**Exercise requirements**
Please print the full listing below exactly, but not the pictures in it.

● ● ● ● ●

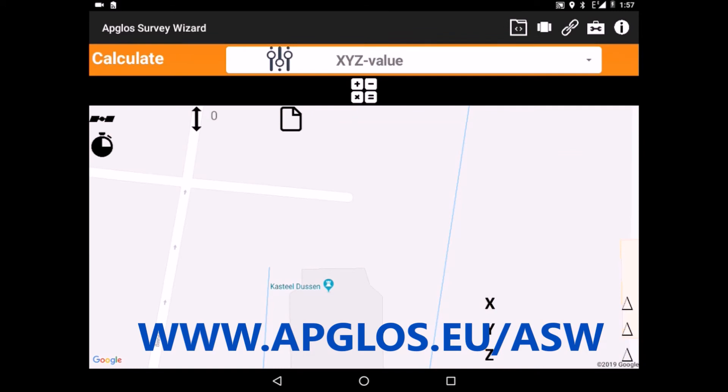You can download this app in the Google Play Store. Just go to www.abblos.eu/asw, download it and try it for free for 30 days.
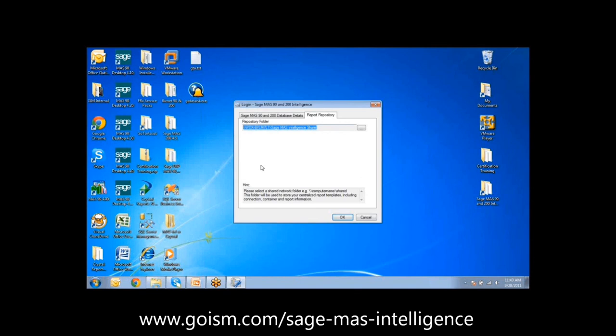The report repository share can be placed on a server for backup purposes, so if workstations go down, the information in the Sage MAS Intelligence share folder will be backed up on the server. This is similar to FRX where specification sets hold the actual report definitions. If you have a lot of reports and encounter run-time errors, Sage MAS Intelligence has the ability to compact the repository so those issues no longer occur.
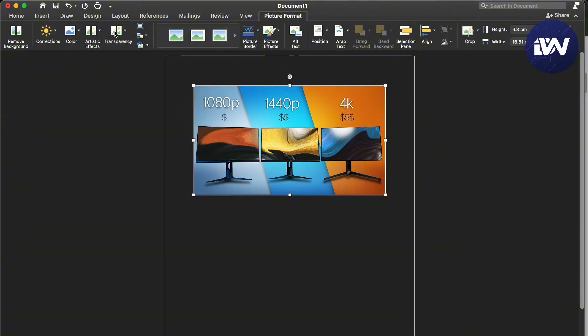So unfortunately, there is no such thing as editing your text in an image in Word. But I think in later versions of Microsoft Word, they're going to integrate AI into this so that you'll be able to do it.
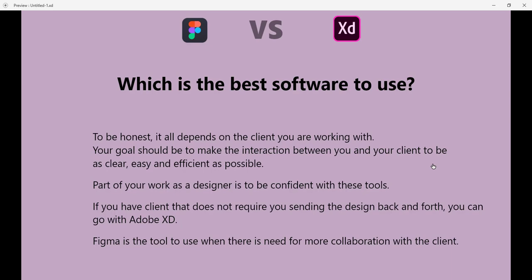But if you are just starting out, I believe the best option is to be familiar with these two softwares. If you have a client that does not require you sending the design back and forth, you can go with Adobe XD. And Figma is the tool to use when there is need for more collaboration with the client.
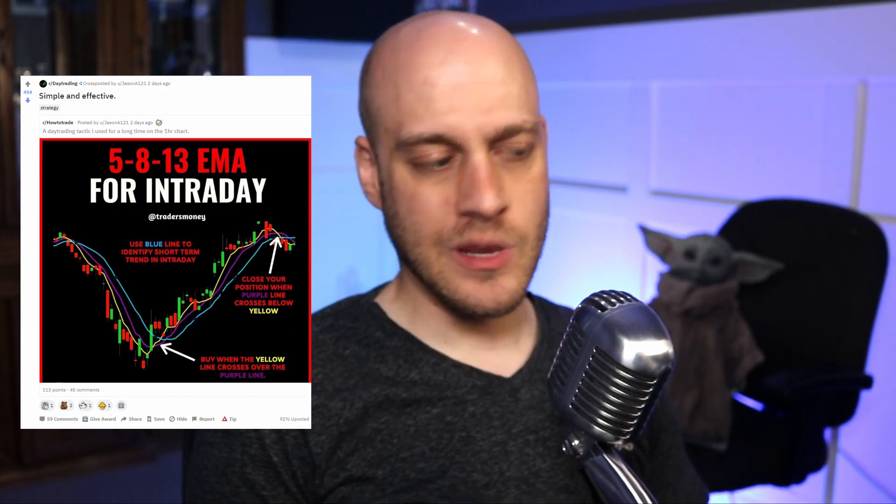Hey guys, Speculator Seth here, and today I just want to make a quick video about backtesting a strategy that I saw. So I spent a lot of time trolling the subreddits related to trading, and I saw this post that did quite well on the day trading subreddit promoting an EMA crossover strategy.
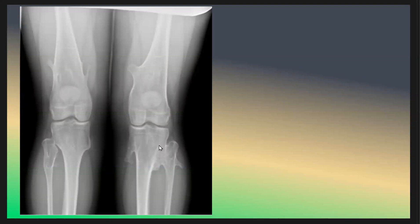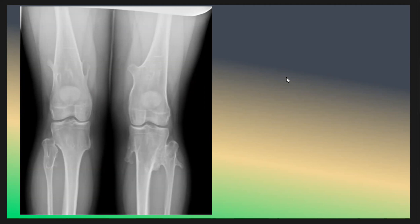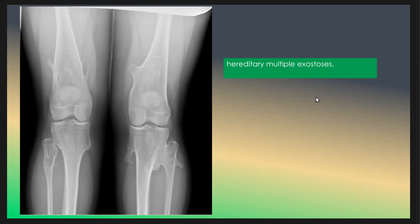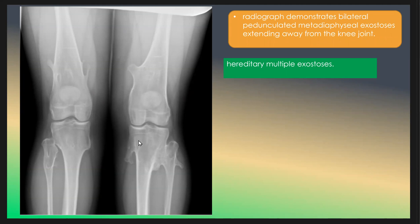The patient age is about 10 years. What we see here in this patient is bilateral pedunculated metaphyseal exostosis extending away from the knee joint. The diagnosis is hereditary multiple exostosis, and it is bilateral pedunculated metaphyseal exostosis extended away from the joint.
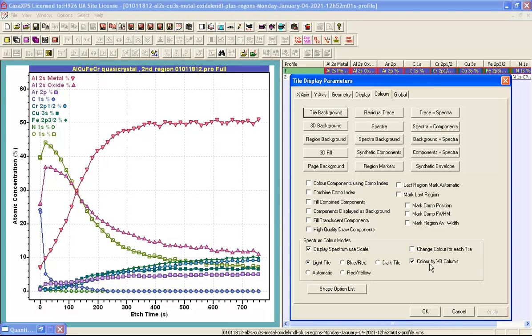The result of this tick box is instead of coloring the traces in the order of selection of these VAMAS blocks in the right hand side the colors are now determined by the position in terms of the column position of these VAMAS blocks in the right hand side.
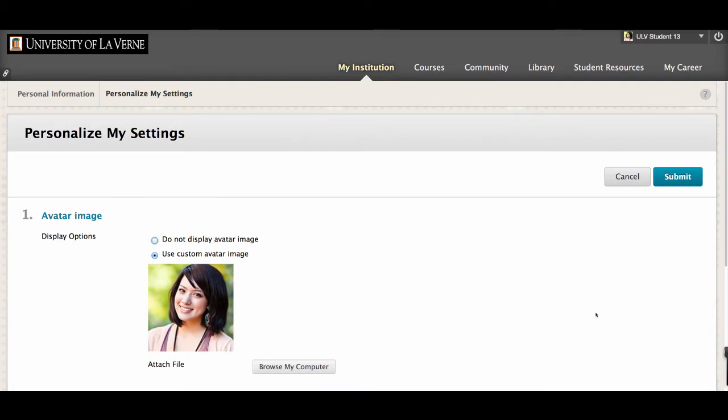Adding a custom avatar image personalizes your Blackboard presence for your instructor and your classmates.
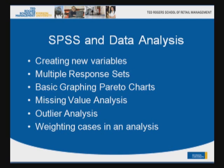The use of multiple response sets. What are these and how can they be useful? Some basic graphing using Pareto charts. And missing value analysis to show what happens if you have missing values in your data set and what can you learn from values that are actually missing in your data set, some outlier analysis if time permits and also weighting cases in an analysis.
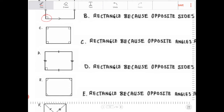Letter D: again, straight out of the properties of rectangles. Opposite sides are congruent, so therefore this is a parallelogram, and we have at least one right angle here. So therefore this is indeed a rectangle.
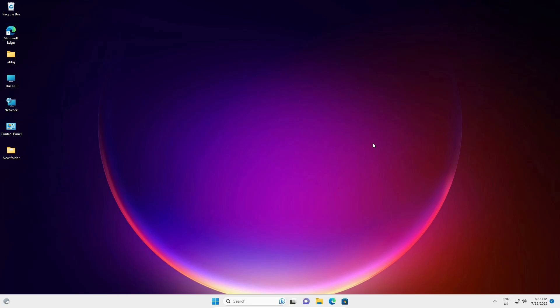So guys, this is the simplest way to fix icons not showing on the taskbar in a Windows 11 PC or laptop. Thank you for watching this video. Don't forget to like, share, comment on this video and don't forget to subscribe to the channel. Thank you guys.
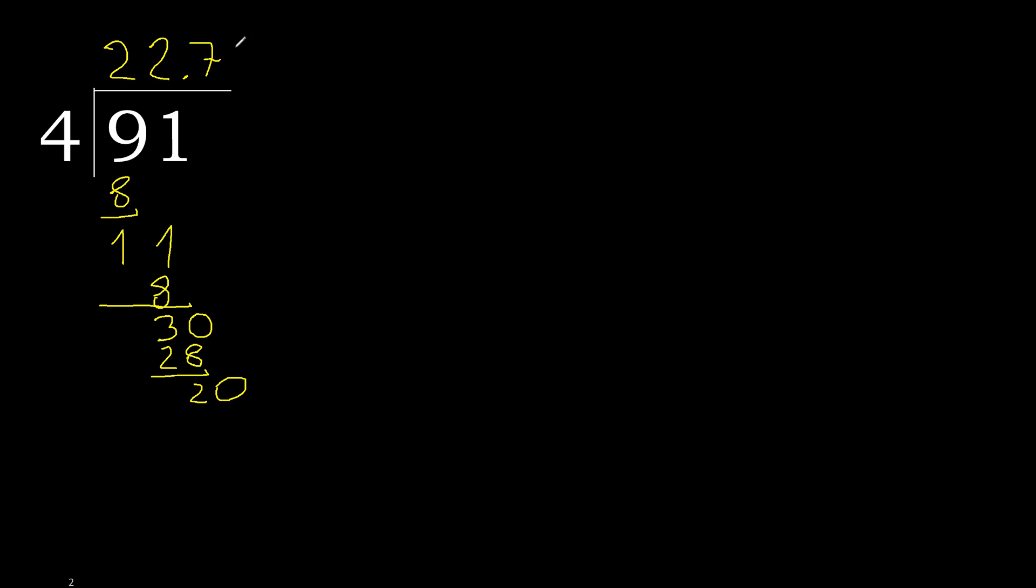20. 4 multiplied by 5, 20. 20 minus 20, 0. Finish it.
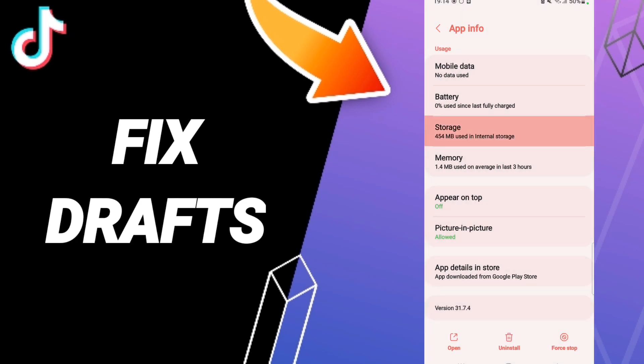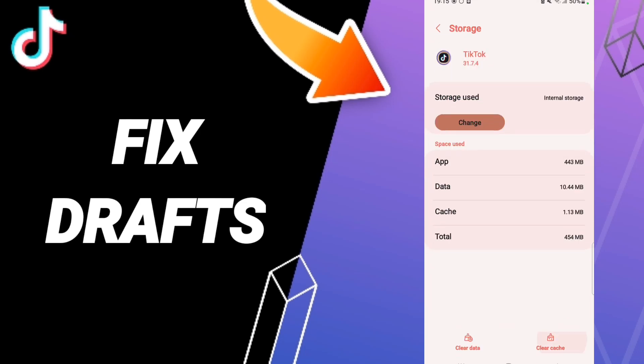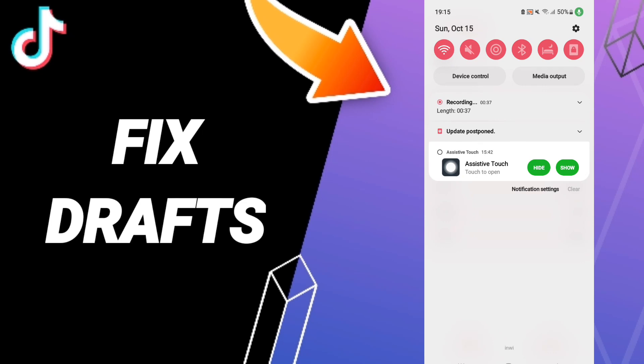Then enter to Storage and here click Clear Cache. In the end, you can turn off your phone.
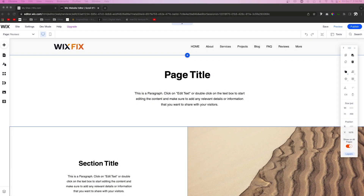Hey everyone, welcome back to WixFix. I hope you're having a fantastic day. Today's video is another episode of Wix Principles, where we show you the principles of building websites in Wix. For this video, we're going to be focusing on the links that you should be putting inside of your headers and footers.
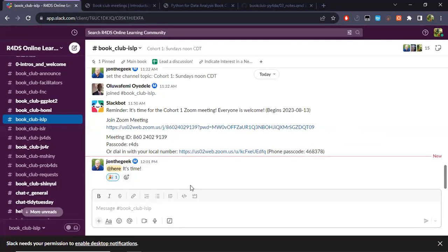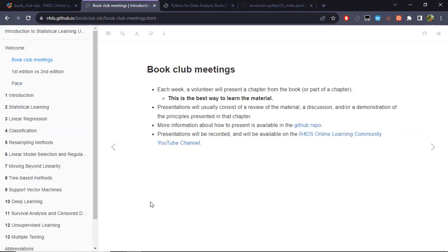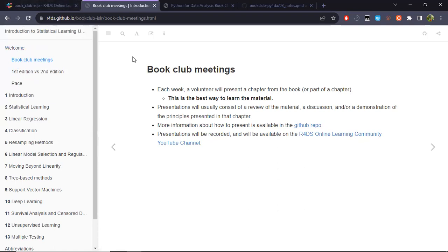Before diving into the introduction, let's introduce ourselves, and then I'll explain a little about how the sessions will run and about the notes we'll be using so we can reach an agreement. My name is Lucio Cornejo. I'm an undergraduate student in Latin America studying pure mathematics. I already finished the ISLR book club — I was actually the cohort leader for the last cohort, which just finished about two weeks ago — and I really wanted to join this book club because I'm also interested in learning Python.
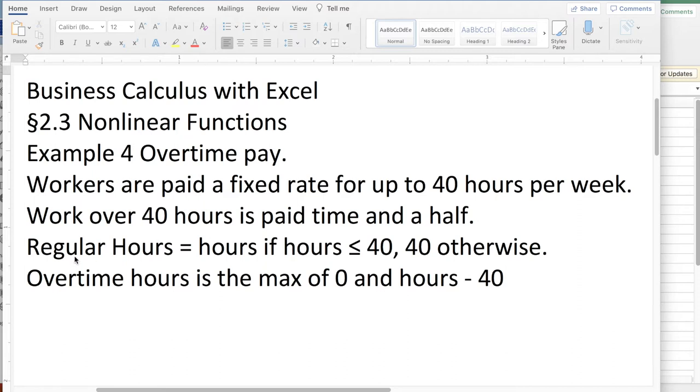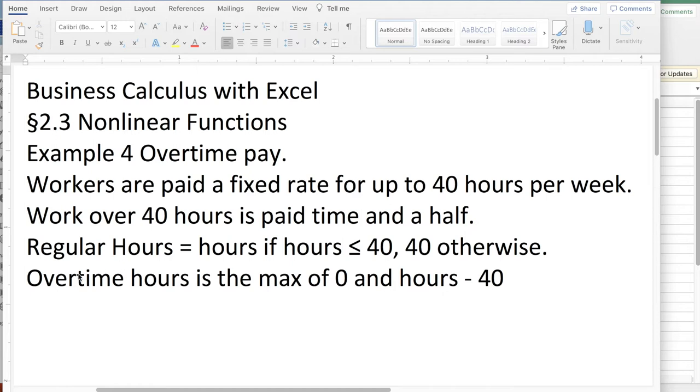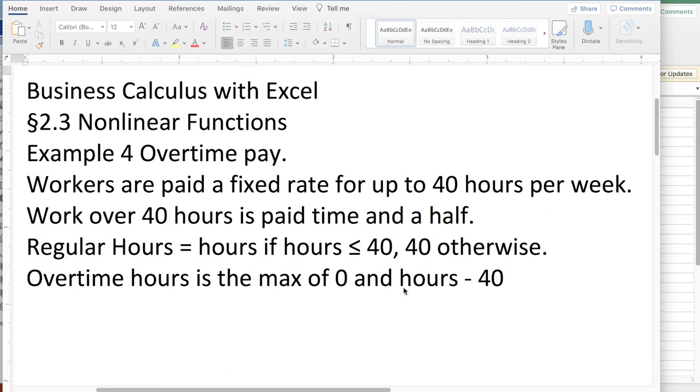So one of the things is we like to compute the regular hours. Well, that's just hours if hours is less than 40. But if they work more than 40 hours, say 50 hours a week, they'd only have 40 regular hours. Overtime hours is the maximum of 0 and hours minus 40. If I work 50 hours a week, 10 of those hours are overtime hours. And if I work 30 hours a week, I take the maximum of 0 and 30 minus 40 is minus 10. The maximum is 0, so at 30 hours a week, I'd have no overtime hours.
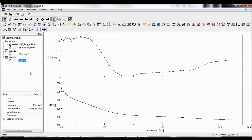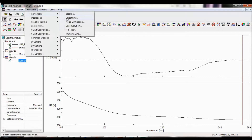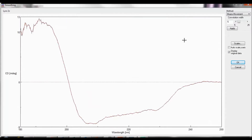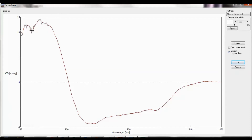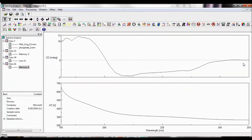If you have a particularly noisy spectrum, you can use the smoothing function to reduce the apparent noise. To smooth your data, either select the Smoothing icon in the Processing toolbar or go to Processing, Corrections, Smoothing. Four different smoothing methods are available. The convolution width sets the number of data points to be averaged on both sides of each data point. Selecting Display Original Data shows the original spectrum displayed in gray in the spectrum display area with the smoothed spectrum overlaid in red. Click OK to set the parameters. A new memory is now created.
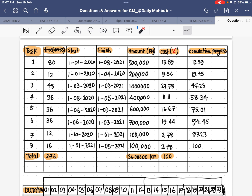From the table we already have the starting dates. We don't know the finishing dates, but we can find them by converting weeks to months and adding to the start date. The amounts are already given. I have shown how to find the cost in percentage for each activity, and then cumulative progress is easy to find from those values.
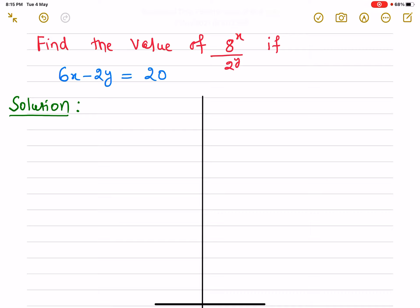Hello students, welcome to our channel. Today we are discussing a very interesting question: find the value of 8 raised to the power x divided by 2 raised to the power y, if 6x minus 2y equals 20.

● ● ● ● ●

**Task result**
You can download this app in the Google Play Store. Just go to www.abblos.eu/asw, download it and try it for free for 30 days.
The report repository share can be placed on a server for backup purposes, so if workstations go down, the information in the Sage MAS Intelligence share folder will be backed up on the server. This is similar to FRX where specification sets hold the actual report definitions. If you have a lot of reports and encounter run-time errors, Sage MAS Intelligence has the ability to compact the repository so those issues no longer occur.
So unfortunately, there is no such thing as editing your text in an image in Word. But I think in later versions of Microsoft Word, they're going to integrate AI into this so that you'll be able to do it.
But if you are just starting out, I believe the best option is to be familiar with these two softwares. If you have a client that does not require you sending the design back and forth, you can go with Adobe XD. And Figma is the tool to use when there is need for more collaboration with the client.
Hey guys, Speculator Seth here, and today I just want to make a quick video about backtesting a strategy that I saw. So I spent a lot of time trolling the subreddits related to trading, and I saw this post that did quite well on the day trading subreddit promoting an EMA crossover strategy.
The patient age is about 10 years. What we see here in this patient is bilateral pedunculated metaphyseal exostosis extending away from the knee joint. The diagnosis is hereditary multiple exostosis, and it is bilateral pedunculated metaphyseal exostosis extended away from the joint.
The result of this tick box is instead of coloring the traces in the order of selection of these VAMAS blocks in the right hand side the colors are now determined by the position in terms of the column position of these VAMAS blocks in the right hand side.
Adding a custom avatar image personalizes your Blackboard presence for your instructor and your classmates.
The use of multiple response sets. What are these and how can they be useful? Some basic graphing using Pareto charts. And missing value analysis to show what happens if you have missing values in your data set and what can you learn from values that are actually missing in your data set, some outlier analysis if time permits and also weighting cases in an analysis.
Letter D: again, straight out of the properties of rectangles. Opposite sides are congruent, so therefore this is a parallelogram, and we have at least one right angle here. So therefore this is indeed a rectangle.
So guys, this is the simplest way to fix icons not showing on the taskbar in a Windows 11 PC or laptop. Thank you for watching this video. Don't forget to like, share, comment on this video and don't forget to subscribe to the channel. Thank you guys.
20. 4 multiplied by 5, 20. 20 minus 20, 0. Finish it.
Then enter to Storage and here click Clear Cache. In the end, you can turn off your phone.
Hey everyone, welcome back to WixFix. I hope you're having a fantastic day. Today's video is another episode of Wix Principles, where we show you the principles of building websites in Wix. For this video, we're going to be focusing on the links that you should be putting inside of your headers and footers.
Before diving into the introduction, let's introduce ourselves, and then I'll explain a little about how the sessions will run and about the notes we'll be using so we can reach an agreement. My name is Lucio Cornejo. I'm an undergraduate student in Latin America studying pure mathematics. I already finished the ISLR book club — I was actually the cohort leader for the last cohort, which just finished about two weeks ago — and I really wanted to join this book club because I'm also interested in learning Python.
So one of the things is we like to compute the regular hours. Well, that's just hours if hours is less than 40. But if they work more than 40 hours, say 50 hours a week, they'd only have 40 regular hours. Overtime hours is the maximum of 0 and hours minus 40. If I work 50 hours a week, 10 of those hours are overtime hours. And if I work 30 hours a week, I take the maximum of 0 and 30 minus 40 is minus 10. The maximum is 0, so at 30 hours a week, I'd have no overtime hours.
If you have a particularly noisy spectrum, you can use the smoothing function to reduce the apparent noise. To smooth your data, either select the Smoothing icon in the Processing toolbar or go to Processing, Corrections, Smoothing. Four different smoothing methods are available. The convolution width sets the number of data points to be averaged on both sides of each data point. Selecting Display Original Data shows the original spectrum displayed in gray in the spectrum display area with the smoothed spectrum overlaid in red. Click OK to set the parameters. A new memory is now created.
From the table we already have the starting dates. We don't know the finishing dates, but we can find them by converting weeks to months and adding to the start date. The amounts are already given. I have shown how to find the cost in percentage for each activity, and then cumulative progress is easy to find from those values.
Hello students, welcome to our channel. Today we are discussing a very interesting question: find the value of 8 raised to the power x divided by 2 raised to the power y, if 6x minus 2y equals 20.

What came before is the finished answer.